L’usufruitier, au contraire, a le droit d’user et de jouir du bien. Ainsi, il peut occuper le bien, le louer, exploiter les terres, percevoir les fruits, c’est-à-dire les récoltes annuelles, les loyers, et même vendre son usufruit. A côté de ses droits, l’usufruitier a aussi des obligations : il doit entretenir le bien, respecter sa destination, effectuer les réparations nécessaires à la conservation du bien, aussi appelées réparations locatives.
Dans le cas d’un démembrement de la propriété, le pouvoir de conclure un bail rural appartient à l’usufruitier et au nu-propriétaire ensemble : ils doivent signer le bail tous les deux. Si le nu-propriétaire ne veut pas signer le bail, l’usufruitier pourra saisir le tribunal afin qu’il l’autorise à passer seul cet acte. Enfin, si l’usufruitier conclu seul un bail rural sans obtenir la signature du nu-propriétaire et sans autorisation de justice, le bail est nul à l’égard du nu-propriétaire : celui-ci peut demander au tribunal de prononcer la nullité pendant un délai de 5 ans à compter du moment où il a eu connaissance du bail.
• L’indivision : c’est la situation dans laquelle plusieurs personnes sont propriétaires d’un même bien, notamment en cas de succession. Lorsqu’un bien indivis est donné à bail rural, le consentement de tous les indivisaires est nécessaire : ils doivent tous signer le bail. S’ils ne sont pas d’accord pour donner la terre à bail, le Tribunal Judiciaire peut autoriser un indivisaire à conclure seul un bail. Enfin, si un indivisaire passe seul un tel acte sans autorisation du Tribunal Judiciaire ou sans le consentement des autres indivisaires, le bail leur est inopposable mais il n’est pas frappé de nullité. Concrètement, cela signifie qu’ils peuvent saisir le tribunal pour demander l’expulsion du locataire.

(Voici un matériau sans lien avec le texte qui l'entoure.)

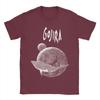 Novelty Gojra Band TShirt Unisex Round Collar 100 Cotton T Shirt  Short Sleeve Tees Birthday Gift Clothes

• Un bien commun aux époux : un bien appartient à la communauté des époux lorsque ces derniers sont mariés sous le régime de la Communauté Universelle ou sous le régime de la Communauté de biens réduite aux acquêts, appelé aussi régime légal, si le bien a été acquis pendant le mariage. Dans les deux cas, chacun des époux peut conclure un bail portant sur un bien de communauté mais il doit obtenir le consentement de son conjoint. En conséquence, les 2 époux doivent signer le bail. Si l’un des époux a conclu un bail rural sans l’autorisation de son conjoint, ce dernier peut demander la nullité pendant un délai de 2 ans à compter du jour où il en a eu connaissance. Cependant, cette action ne peut pas être engagée plus de 2 ans après la dissolution de la communauté (décès, divorce).

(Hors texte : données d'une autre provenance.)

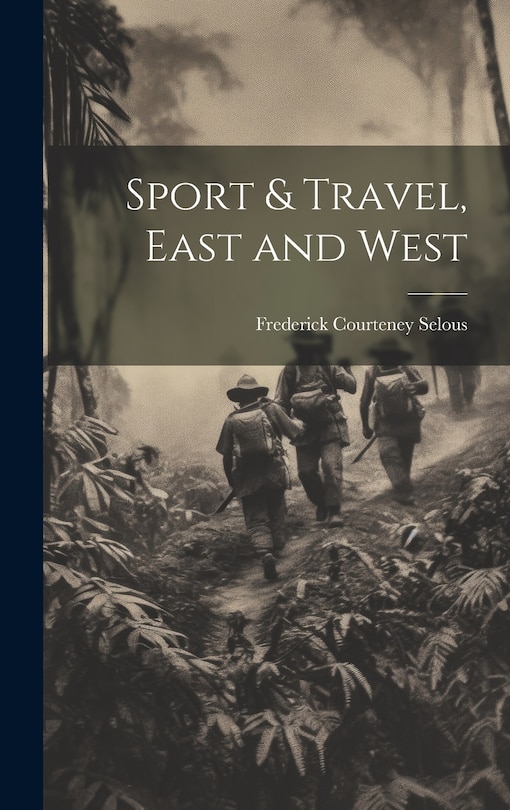 Couverture_Sport & Travel, East and West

En conclusion, que ce soit dans le cadre d’un usufruit, d’un bien de communauté ou d’une indivision, on remarque que la signature de toutes les personnes ayant un lien de propriété avec le bien loué, est nécessaire. Ainsi, si vous avez un doute sur qui doit signer le bail, il vaut mieux avoir trop de signatures que pas assez.